Kärg Kama and Gisa Weszkalnys gave a joint-presentation on the topic of resource temporalities in relation to their respective areas of research. Their paper, Resource Temporalities: anticipations, retentions and afterlives, built on the idea that resources are hybrid socio-natural entities (rather than fixed physical substances) to explore the value of thinking about resources as distributed and processual phenomena in which issues of temporality come to the fore. They drew on their respective research (Kärg on the constitution of oil shales as future energy resources in Estonia and elsewhere; Gisa on the protracted development of offshore oil exploration in São Tomé and Príncipe) to highlight the multiple and intersecting temporalities that surround resource-making practices. Their presentation offered a critique of ‘anticipation’ as a way of thinking about these complex temporalities that fold together both futures and pasts, and highlighted the affective dimensions (e.g. hope, anxiety) that surround resource-making projects.

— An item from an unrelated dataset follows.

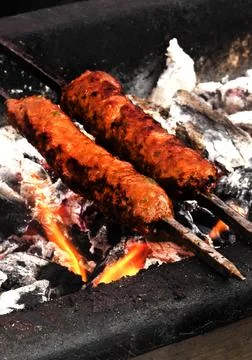 Making mutton kababs or kebabs on coal fired arrangement Stock Photos
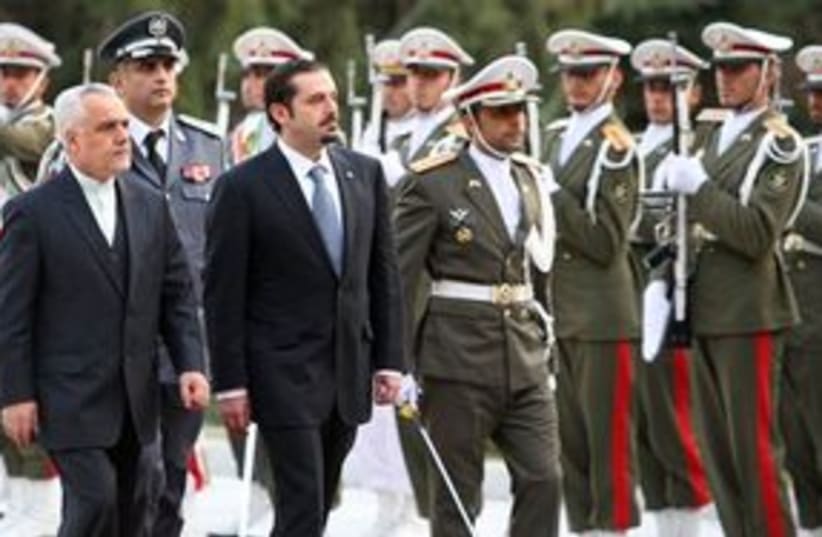 Lebanese PM Hariri and Iranian VP Rahim 311 AP (photo credit: AP)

Magdalena Kuchler reflected on the socio-technical imaginaries (e.g. of scarcity and abundance) and technologies of visualisation associated with a contemporary process of resource-making around shale gas in Europe. Her paper, Rendering post-conventional energy futures governable: implications for the Arctic?, showed how shale gas, as a potential global resource, has been made visible through techniques of classification, quantification, mapping and designation. She highlighted key shifts associated with this process of rendering visible and governable, in terms of the politics of resource development. Her presentation drew links between the recent experience of shale gas mapping and the USGS Circum-Arctic Resource Assessment (2008) of oil and gas resources which, nearly a decade ago, propelled significant interest in Arctic hydrocarbons. A roundtable discussion followed the presentations by Kärg, Gisa and Magdalena in which participants considered key themes and ideas that had been raised over the course of the workshop. This also included reflections on the initial framing paper in light of the presentations and discussion.